** Activity **
Return all of the data exactly as written, without the pictures.

** Given data **
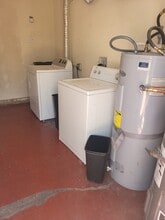 137 S 15th St in Las Vegas, NV - Foto de edificio - Building Photo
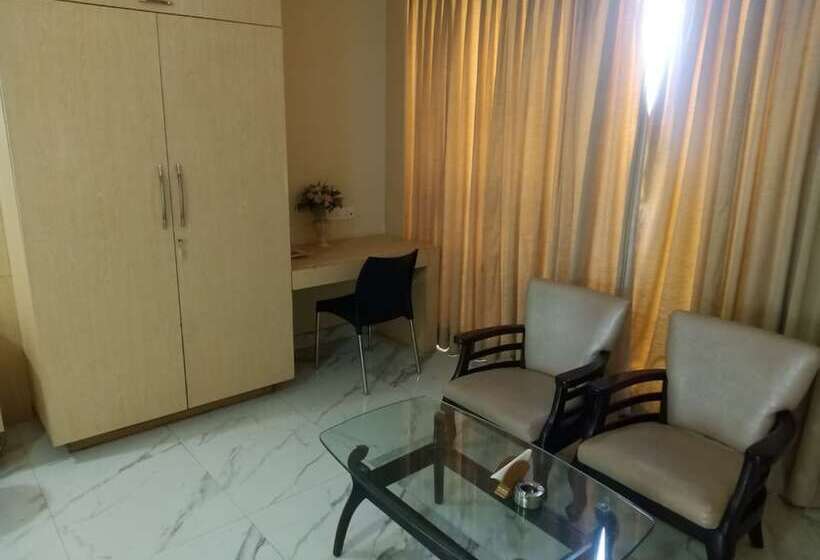 בית מלון כפרי Vits Select Grand Inn, Ratnagiri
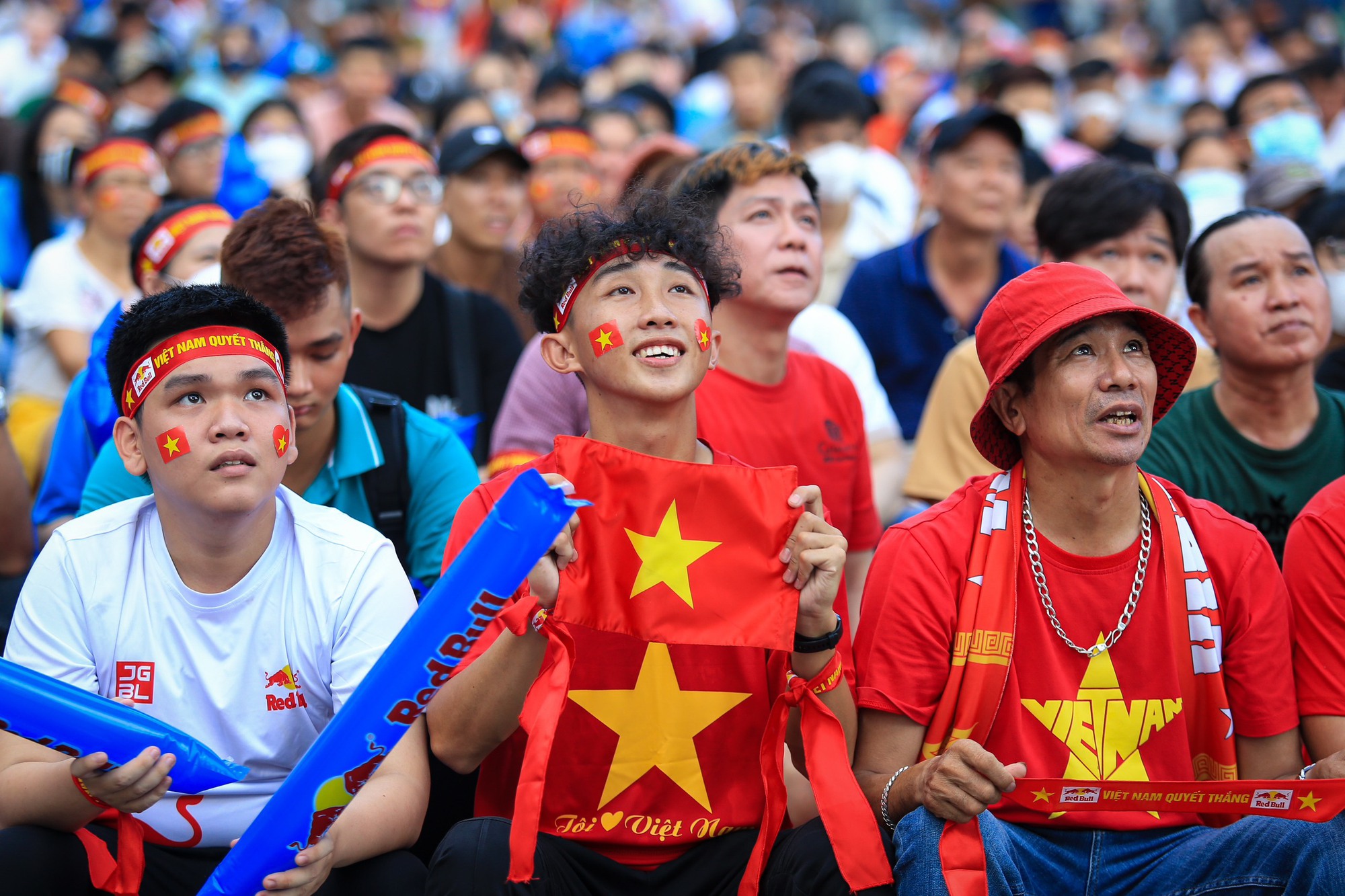 Cổ động viên TP.HCM bật khóc khi U.22 Việt Nam dừng chân tại SEA Games 32 - Ảnh 11.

** Task output **
 137 S 15th St in Las Vegas, NV - Foto de edificio - Building Photo
 בית מלון כפרי Vits Select Grand Inn, Ratnagiri
 Cổ động viên TP.HCM bật khóc khi U.22 Việt Nam dừng chân tại SEA Games 32 - Ảnh 11.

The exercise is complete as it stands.